Pauvres, jeunes en difficultés, foyers : Le nouveau marché des sociétés de surveillance01/09/20102010Journal/medias/journalnumero/images/2010/09/une2196.jpg.445x577_q85_box-0%2C104%2C1383%2C1896_crop_detail.jpg

Leur société

Pauvres, jeunes en difficultés, foyers : Le nouveau marché des sociétés de surveillance

Dans les Centres d'hébergement et de réinsertion sociale accueillant des personnes sans domicile ou dans les foyers prenant en charge des mineurs placés par la justice et en grande difficulté, la présence la nuit était jusque-là assurée par des éducateurs ou des veilleurs de nuit. Depuis quelques mois, le projet de recourir à des sociétés de surveillance, et donc à des agents de sécurité, est annoncé par différentes directions d'associations à caractère social. Il est déjà expérimenté en Seine-Saint-Denis dans un foyer de la Protection judiciaire de la jeunesse.

Les objectifs évoqués sont différents d'un site à l'autre. En Seine-Saint-Denis, il s'agit soi-disant de lutter contre l'épuisement policier dû à de très nombreux appels en provenance des foyers et des centres d'hébergement, et ainsi de soulager des professionnels dépassés par un sentiment d'insécurité. Il est utile de préciser que les éducateurs ou veilleurs de nuit travaillent le plus souvent seuls des nuits entières, prenant en charge des groupes de jeunes ou de personnes très en difficulté.

À Strasbourg, il s'agit de résoudre ainsi des problèmes de gestion du personnel et d'arrêts maladie. Les veilleurs de nuit travaillant également seuls dans des foyers pouvant accueillir trente à quarante personnes, c'est leur état de santé et de fatigue qui témoigne de conditions de travail lamentables.

Le recours aux sociétés de surveillance se concrétise donc désormais par des expérimentations sur tout le territoire.
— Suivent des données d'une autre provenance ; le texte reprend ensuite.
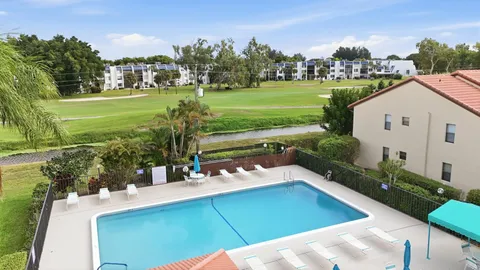 a view of a swimming pool with a yard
Il s'inscrit dans une réflexion sécuritaire visant à disqualifier les personnels éducatifs et à stigmatiser un peu plus des jeunes ou adultes n'en ayant vraiment pas besoin.

De plus, il s'agit également de rendre plus difficiles des revendications collectives entre collègues n'ayant plus les mêmes conditions de travail, les mêmes employeurs et les mêmes droits. C'est un mode de management depuis longtemps connu des travailleurs du secteur de l'industrie ou d'autres encore ; c'est une nouveauté pour le secteur social.

Il y aurait pourtant bien d'autres solutions, à commencer par l'embauche de professionnels formés, veilleurs de nuit ou éducateurs, afin de permettre un travail en doublure et ainsi de sécuriser les postes de travail. Mais les directions des associations évoquent sans cesse des budgets en baisse, situation aggravée avec la crise économique.

Toutefois, cette tendance n'est pas sans déclencher la colère des professionnels du secteur social, qui multiplient tracts et pétitions. À Strasbourg, la situation est tendue et un mouvement de grève est évoqué, dans un secteur peu coutumier de ce type de mobilisation et sans cesse culpabilisé entre les besoins des publics accueillis et des conditions de travail s'aggravant année après année (travail en sous-effectif, non-remplacement des postes durant les congés, embauche de plus en plus fréquente en CDD).

Le recours à des agents de sécurité en situation précaire et non formés n'est certainement pas la solution à la violence exprimée par les jeunes et les adultes accueillis dans ce type de foyer et dont les premiers besoins restent l'emploi, la formation et l'accès aux soins.